- Opening Delimiter -
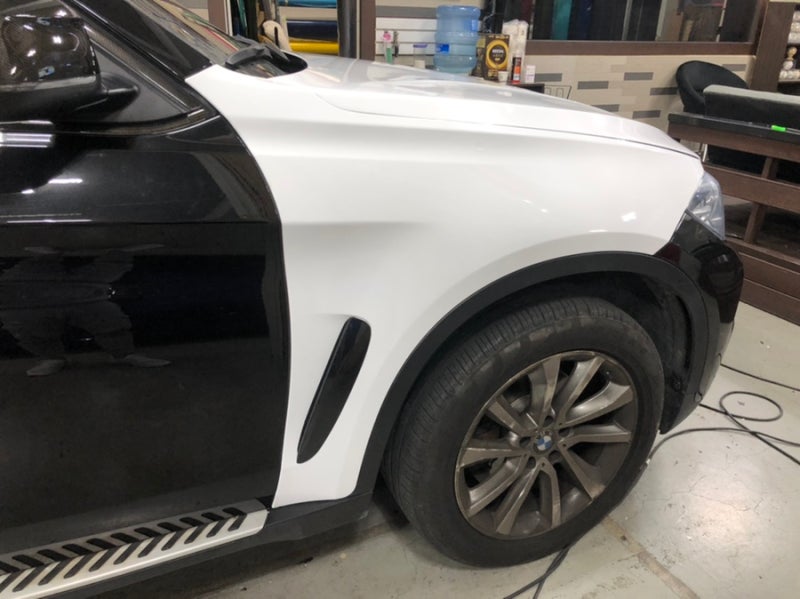 부천 상이로 / 랩핑 / BMW / X6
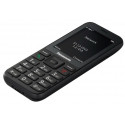 Panasonic mobiiltelefon KX-TU250EXB, must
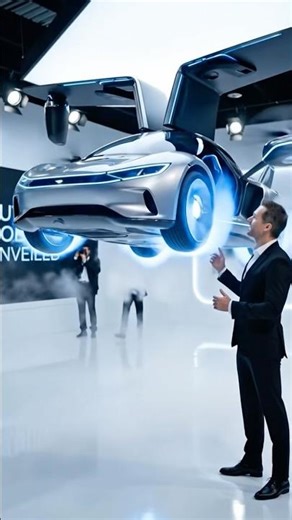 The Car of 2030 Is Here #flyingcar #futuretech #innovation #cars #billionaire #shorts #usa #ai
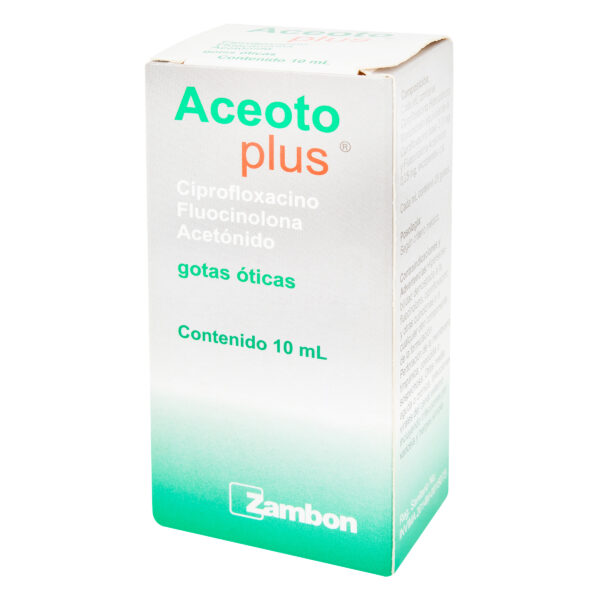 ACEOTO PLUS GOTAS 10 ML - Droguería Galerias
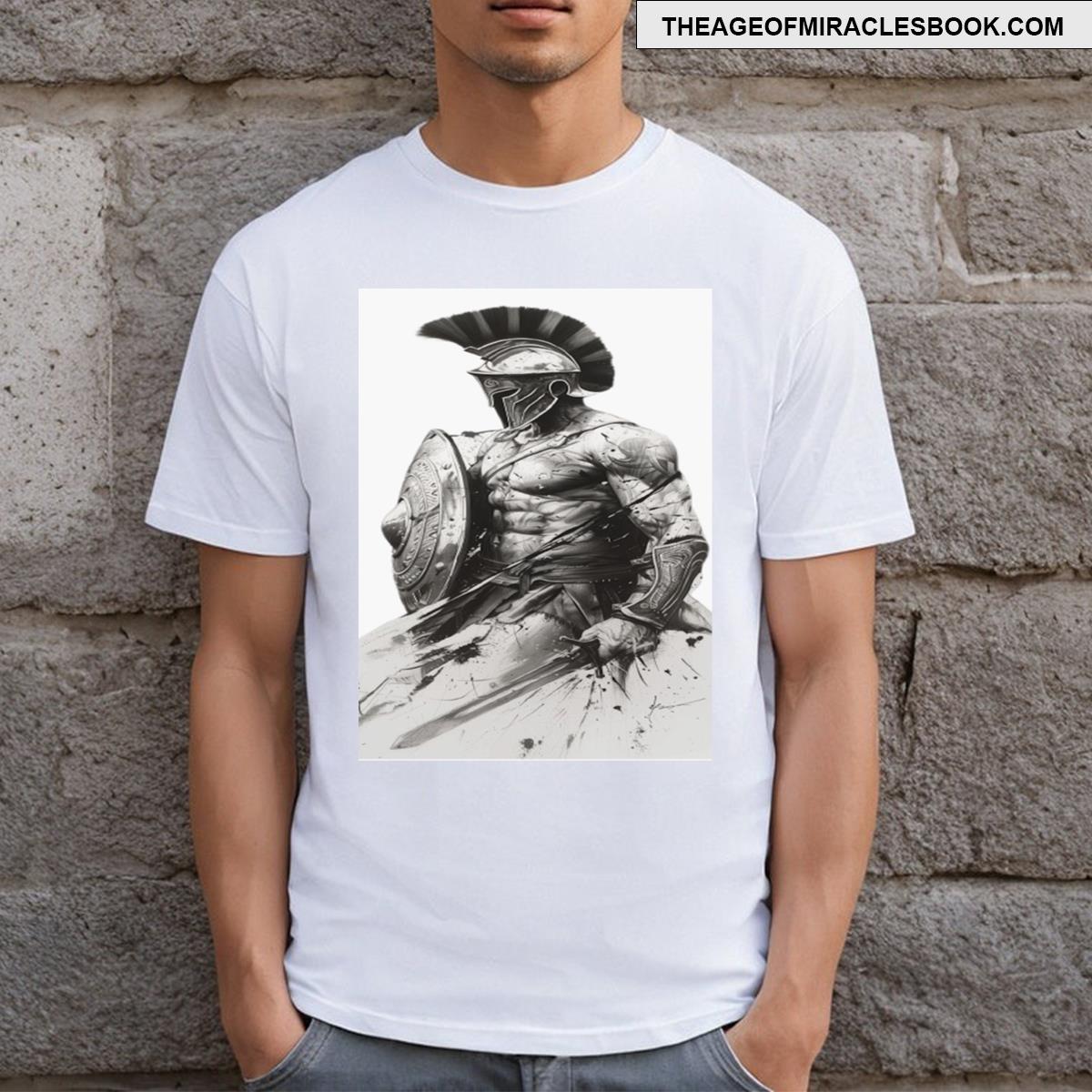 Roman Gladiators T-shirt
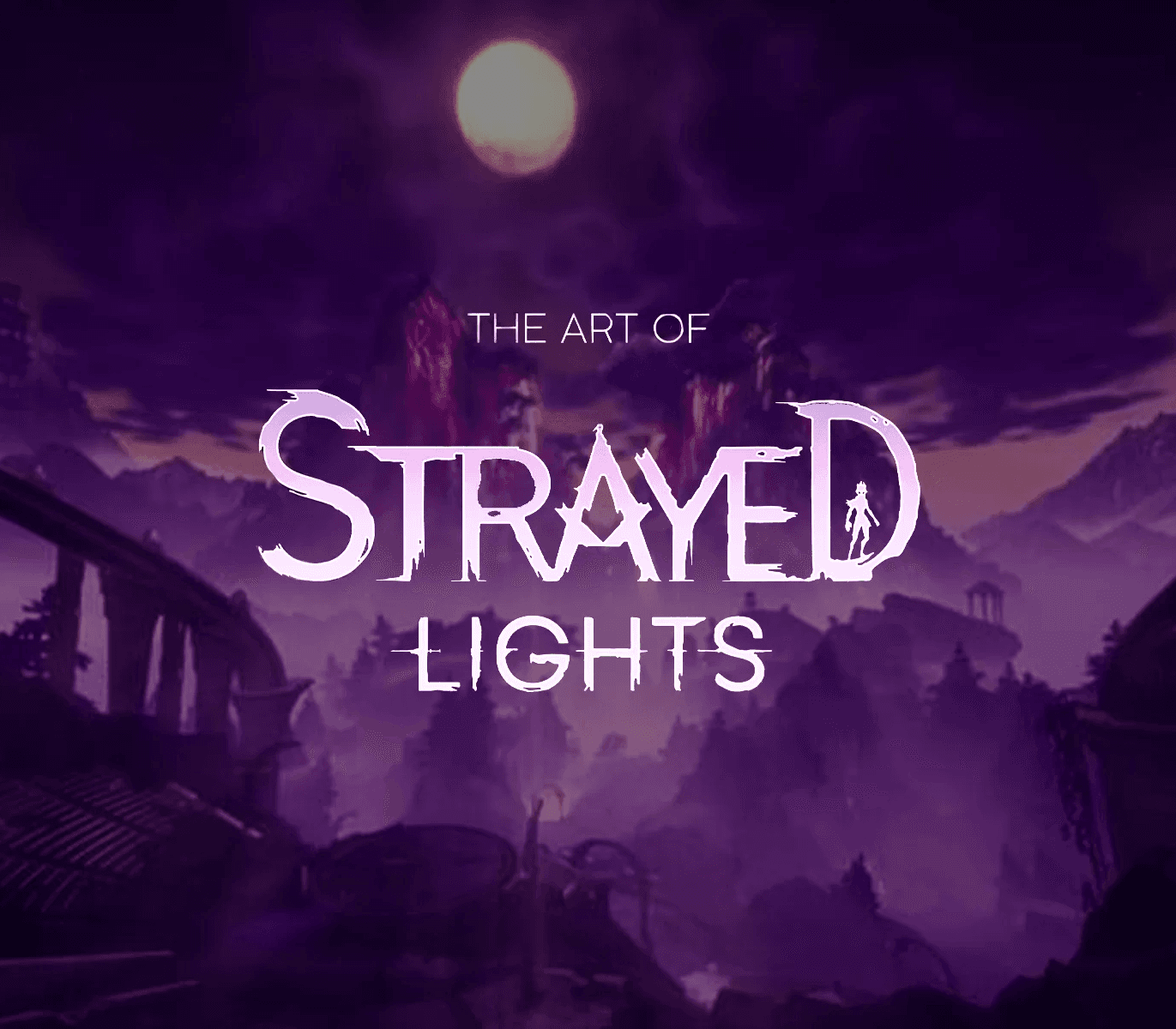 Strayed Lights - Digital Art Book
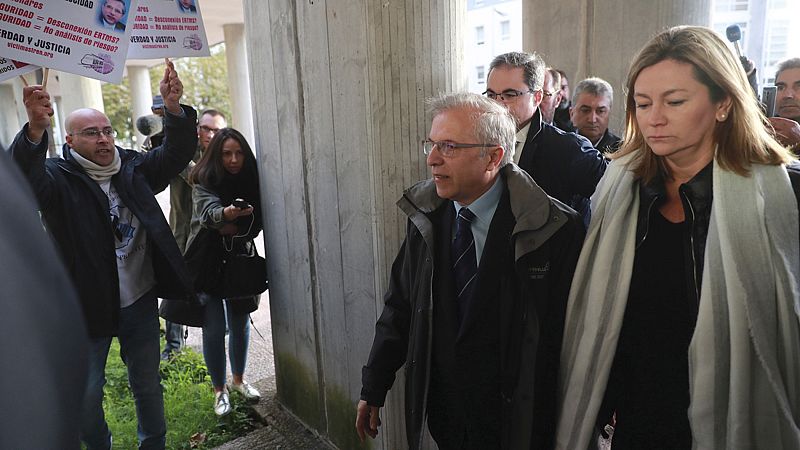 Dimite el director de Seguridad de Renfe imputado por el accidente del Alvia en Angrois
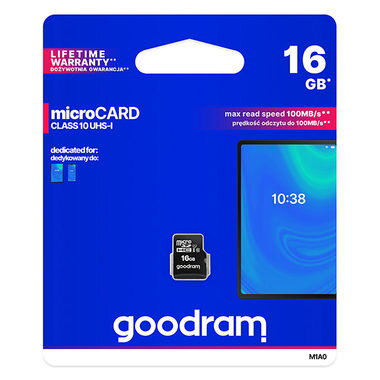 MicroSD 16 GB Pamäťová karta MicroSD 16 GB Pamäťová karta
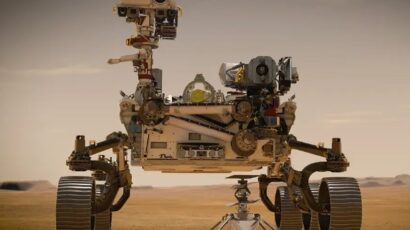 perseverance mars rover مریخ نورد ناسا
- Closing Delimiter -
WORK REQUEST ▸ Give back exactly the lines from the one that contains "MicroSD 16 GB Pamäťová karta MicroSD" to the final line of the data above, both included, with all pictures removed.

COMPLETED EXERCISE ▸
 MicroSD 16 GB Pamäťová karta MicroSD 16 GB Pamäťová karta
 perseverance mars rover مریخ نورد ناسا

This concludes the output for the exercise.